At the risk of sounding like a narrator of a wildlife programme: Let's observe a lioness briefly. She wakes up and stretches her limbs because she knows this will help her move better after being still for a while. She starts scanning her surroundings for danger before she even opens her eyes, by smelling and listening. It's safe - she relaxes. Her stomach sends a signal to her brain that she needs to start planning her next meal. She starts walking in the direction where she believes she will find food. All the while, she is only in any present moment, that's all she is capable of. This "limitation" to her brain's ability means that she can fully focus on her senses and what they are picking up. This is how she detects a potential enemy in a pack of hyenas and makes sure she avoids them. This is how she finds food. This is how she survives.

I have heard it, and I have said it: What's the point of surviving if you're not living? Humans believe in fulfillment, in having a purpose of life. The arogance of our species lies in the fact that we believe that we are the ones - and the only ones - with this special role. Out of all the species that lived and died on our planet alone, we believe that we are the ones. Our preoccupation with ourselves is our limitation. We cannot see beyond our own experience of ourselves and the world around us. And because this individual experience is the only reference we have, of course that we feel special, we feel chosen, we feel uniquely important and alone at the same time.

I, just like the lioness we observed, can only smell with my own nose, can only see through my own eyes. Therefore, what I smell and see is the only reality that I recognise. The difference between the lioness and me is that she doesn't spend her whole life trying to make sense of what she experiences. She is happy for it to just be what it is. Her reality is defined by her needs: she feels hunger so her reality becomes looking for food; she feels tired so her reality becomes getting some sleep; she finds herself in danger so her reality becomes fighting or running to survive.

It begs the question: which one of us is living more fully (if an acceptable definition of living is: experiencing life as it is in any given moment)? I, the philosopher looking for patterns, mystical signs, scientific explanations and spiritual meaning in every moment, or the lioness, fully emerged in her senses - in her experience of her life?

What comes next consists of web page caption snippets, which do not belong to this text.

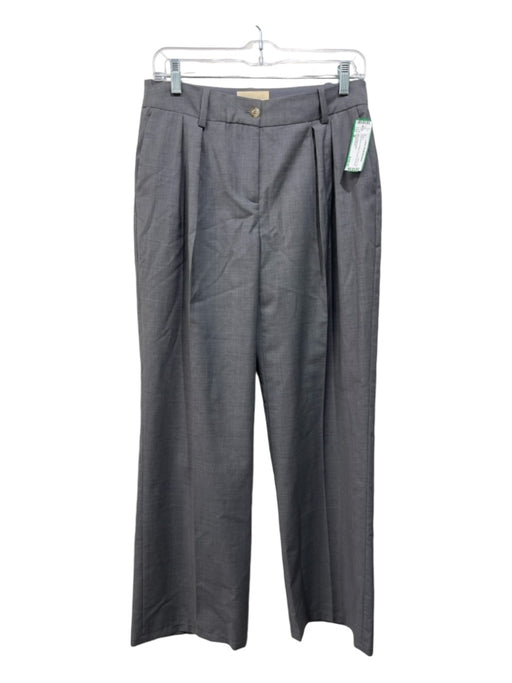 Loulou Studio Size M Gray Wool Pleated Pockets Pants Gray / M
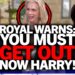 “Must get out!” Royal Family member warns Prince Harry to leave Meghan Markle while still time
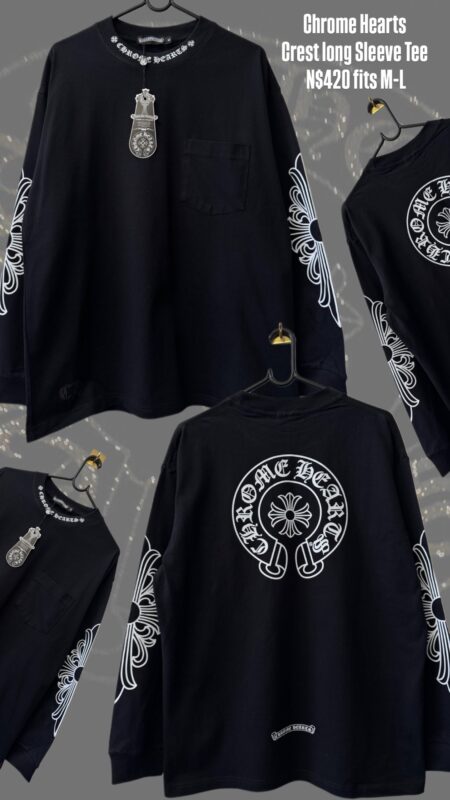 Chrome Hearts Crest long Sleeve Tee N$420 fits M-L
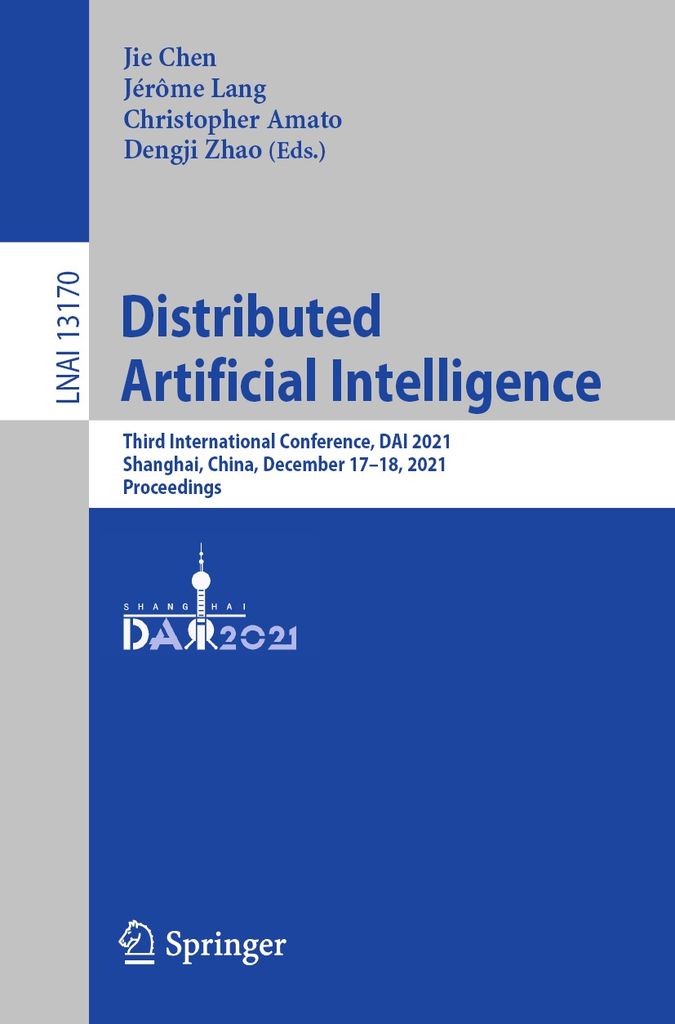 Cover image for Distributed Artificial Intelligence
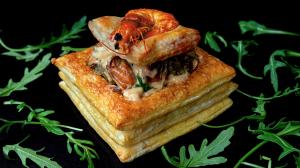 seafood vol-au-vent puff-pastry starters
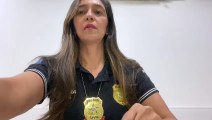 Delegada Luci Mônica apresenta detalhes da prisão de suspeito de feminicídio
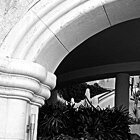 Entrance in Black & White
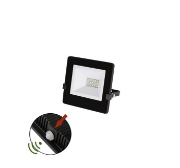 Imagine PROIECTOR "SLIM" 10W SMD LED lumina alba (4000k) negru + fotocelula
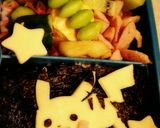 ポケモン☆ピカチュウ☆キャラ弁作り方5写真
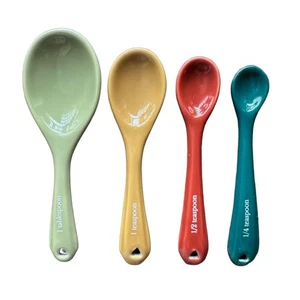 Multicolor Keramik Messlöffel Set (4er Set) - Bild 1 von 3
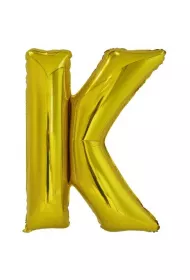 Amscan Balon foliowy litera K z�ota 63,5x86cm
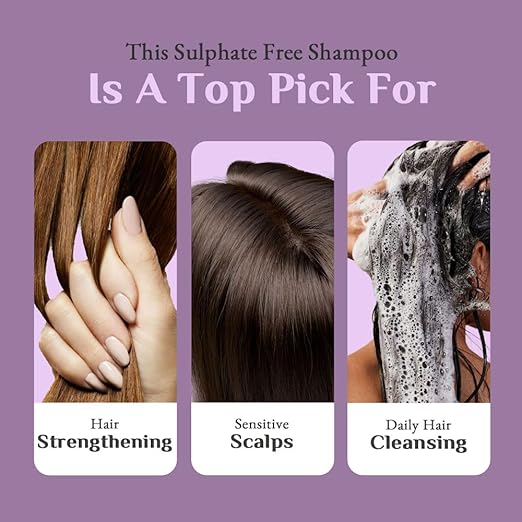 Richfeel Mild Sulphate Free Shampoo|220 ml|MRP 265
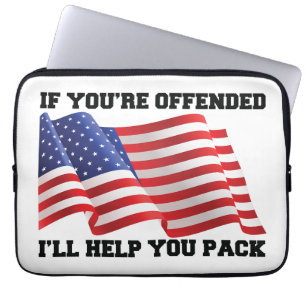 Amerikaanse patriot laptop sleeve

What came up for me after this thinking is that accepting my own limitations sounds like a defeat at first, but when you look closer, it is a gift to self. I take this box of wonders that are my senses, my abilities, my full potential - it is a box full of wonder. I have tried to look outside of this box for more, I wasn't happy to settle for what is in the box. Maybe because I was taught that I, as a human, should be special - and maybe I didn't feel special, maybe I felt like I just am, much like the lioness. So I kept looking and searching outside of my box of who I am, for this special something that will finally make me whole. And all this time I missed many moments of my life that I could only have experienced by using what is already in my box of who I am. It is so simple, and easy, and it has always been there.